With: Egons Dombrovskis, Nikolai Korobov, Vigo Roga, Aija Dzerve, Gundars
Silakaktins.
By EDDIE COCKRELL
A quiet archivist in the Latvian capital of Riga investigates an apparent
suicide in the moody, black-and-white mystery "Fallen." Deceptively
simple and defiantly slow, pic will infuriate some auds and mesmerize
others. Though theatrical prospects are marginal at best, pic reps a daring
choice for bold fest programmers and could pic up tube sales.
While walking home from work one night, archivist Matiss Zelcs (Egons
Dombrovskis) passes a woman on a bridge. A few moments later, he hears
a splash and some brief screams. He returns to investigate but finds nothing.
After Matiss summons the police, a cynical and chatty detective (Vigo
Roga) arrives and lectures him on the high local suicide rate and the
general bleakness of society.
Soon, however, a helpful barman (Gundars Silakaktins) produces the woman's
purse, which yields some photographs and a name: Alina (Aija Dzerve).
Matiss also finds some unfinished love letters in a trash can, which eventually
lead him to Alexei Mesetzkis (Nikolai Korobov), who's in some of the photos
but isn't Alina's husband.
Since making his first film "Fate" in 1994, Kelemen has been
identified with angst-ridden German doom-and-gloom. While there are certainly
elements of that in the long takes and grungy black-and-white of "Fallen"

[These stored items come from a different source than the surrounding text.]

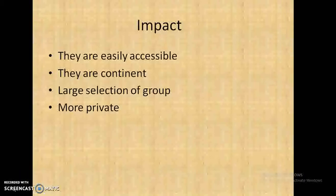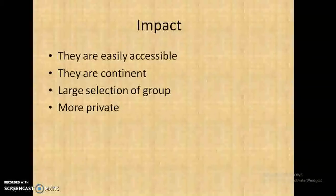Online gaming is also more private. Nobody can access your data or see what you are doing or how much you are betting. Only the people sitting together can see each other.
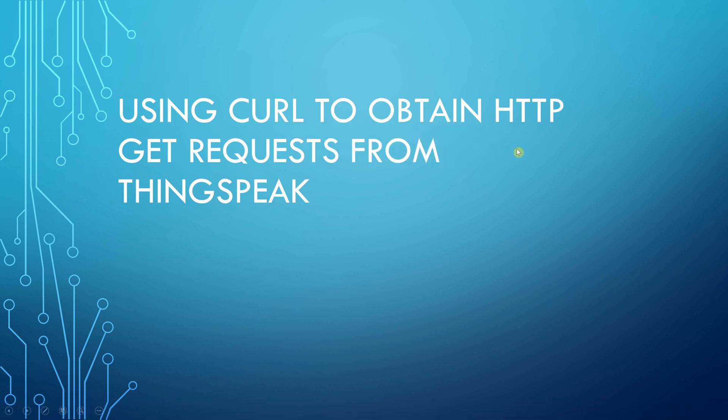Hello Anselm Griffin here with another YouTube tutorial featuring MATLAB. Today is the 3rd of April 2020 and this is video number 249 and we're using curl to obtain HTTP GET requests from ThingSpeak.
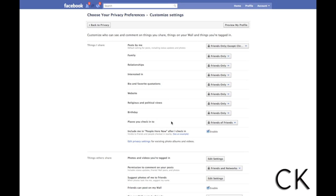There you have it — those are five privacy settings that every Facebook user should know. I'd like everyone to take a moment, run through their own privacy settings, and let me know if you have any issues setting them up or if there are any other settings I may have missed. Feel free to leave a message or send me an email. Hope everyone has a great day, thanks a lot.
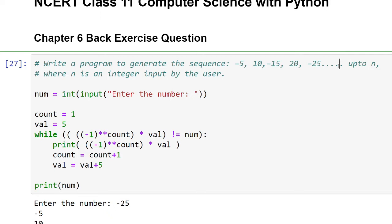To print the sequence, there are three things to keep in mind. First, the negative sign is alternating — the first value has a negative sign, then a positive sign, then negative again. Second, the value itself is increasing by a factor of 5 each time, leaving the sign aside. Third, you have to print the sequence until whatever number is entered by the user, which can be positive or negative, so you must check the condition keeping the sign in mind.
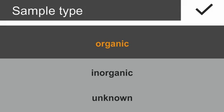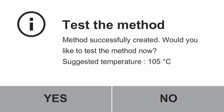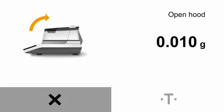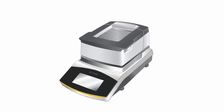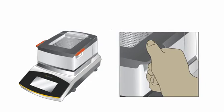Ketchup is organic. The method ketchup has now been created and can be tested. Confirm with yes and follow the instructions in the display. Starting the moisture analysis. Open the hood.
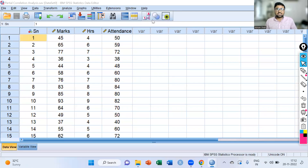Hello everyone. Welcome to the series of SPSS. This is Dr. Atman Shah. In this video, I'm going to discuss how to perform Pearson's partial correlation coefficient in SPSS and its interpretation.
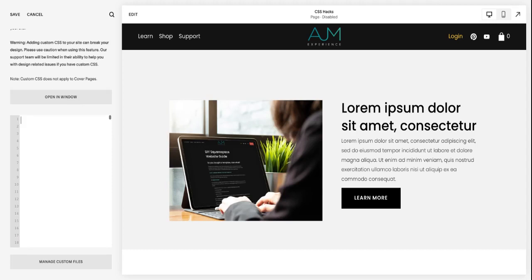Check out our other posts. We're teaching you how to do tons of fun, but very achievable things on your Squarespace websites.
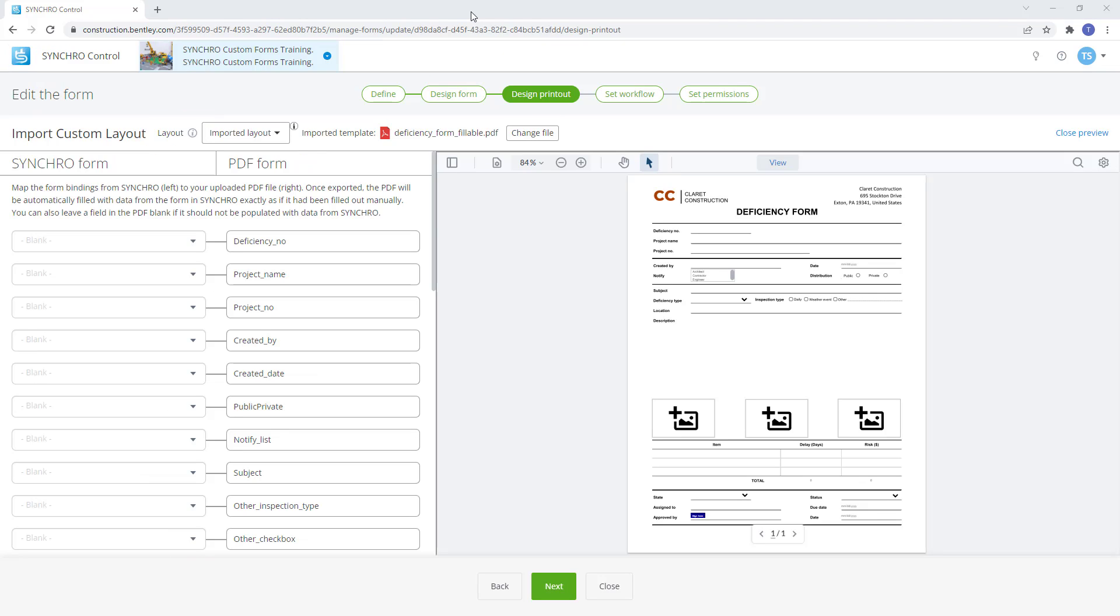The objective is to map the form bindings from the Synchro form on the left to the uploaded PDF file on the right. Once the mapping is finalized, the PDF will be automatically filled with data from the completed Synchro form as if it had been filled out manually.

-- and these are favored weapons in Kelemen's modest arsenal -- pic also
respects and satisfactorily revives the time-honored film noir tradition
of a loner on a Quixotic quest for a truth for which he's entirely unprepared.
In more conventional hands pic could have become more, well, conventional.
Tolerant auds may respond to the tension between the story and the style,
while others will flee the theater.
Tech credits are willfully spare, highlighted by the deft steadicam work
of Kaspars Brakis and Valdis Celmins. In a unanimous jury vote, pic won
the FIPRESCI prize at April Euro film fest in Lecce, Italy.